In any event, the meaning of the Bill of Rights has evolved and shifted with time, not always for the better. What follows, in this and subsequent posts, is my take on the original meaning of the Bill of Rights, stated in modern language and addressed to contemporary issues. The constitutional text is in italics. My version is in bold. [11/18/11: An addition to the first paragraph of my version is in bold italics.] [11/30/11: A second addition to the first paragraph of my version is in underlined bold italics.]
Congress shall make no law respecting an establishment of religion, or prohibiting the free exercise thereof; or abridging the freedom of speech, or of the press; or the right of the people peaceably to assemble, and to petition the Government for a redress of grievances.
No government of or in the United States may establish an official religion or, by any act, favor a particular religion, sect, or cult. The expression of religious views by a member, officer, employee, or agent of a governmental body, acting as such, is not an establishment of religion. Nor is the verbal or tangible observance of a religious holiday by such persons an establishment of religion, as long as no one is compelled to join the observance. Except to enforce the preceding provisions, no governmental body of or in the United States may interfere with the peaceful observance of religion or with the peaceful expression of religious views, in verbal or tangible form. Nor may any governmental body of or in the United States compel any person or private entity to perform an act that is contrary to the person’s religious beliefs or the beliefs espoused by the private entity, either directly or by threatening or causing the loss or diminution of a person’s employment or a private entity’s patronage, revenues, profits, or existence.
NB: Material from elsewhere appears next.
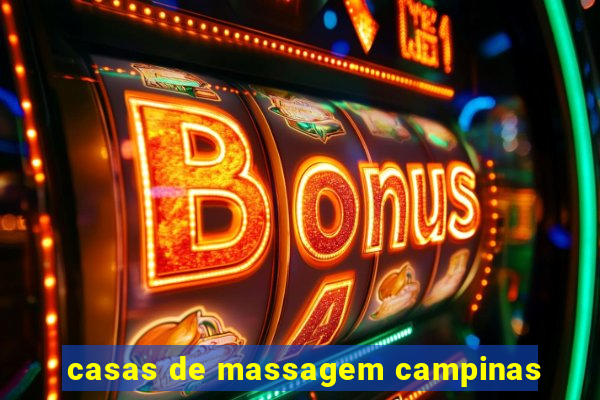 casas de massagem campinas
Further, no governmental body may compel a minor to attend or participate in a lesson or activity that conflicts with the religious beliefs of the minor and/or his parent(s) or guardian(s); nor shall a minor or his parent(s) or guardian(s) be penalized in any way for a refusal to participate in any such lesson or activity.
“Speech” is the transmission of ideas. The curtailment of “speech” is an affront to liberty and can hinder the people’s betterment. Subversive “speech” that foments or abets treason, insurrection, rebellion, or crime should be dealt with under one of those headings.
Profanity and obscenity are not “speech,” and therefore do not merit protection; ideas can be conveyed without the use of profanity and obscenity. The people, through their State and local governments, may legislate against profanity and obscenity, and the interstate transmission of profanity and obscenity shall be regulated by the laws of the jurisdictions whose citizens are recipients of a transmission, by any medium. The role of the central government in such matters shall be restricted to the judicial determination of the reasonableness of any restriction on the transmission of profanity and obscenity.
“Speech” may not be barred, regulated, or penalized merely because it might be or is deemed objectionable by other persons or category of persons. This provision applies not only to governments of and in the United States but also to institutions of learning that operate under the aegis of such governments.
The emissions of the press, in whatever medium, are merely an aspect of “speech.” The press enjoys no special rights of “speech” over and above those enjoyed by the people at large.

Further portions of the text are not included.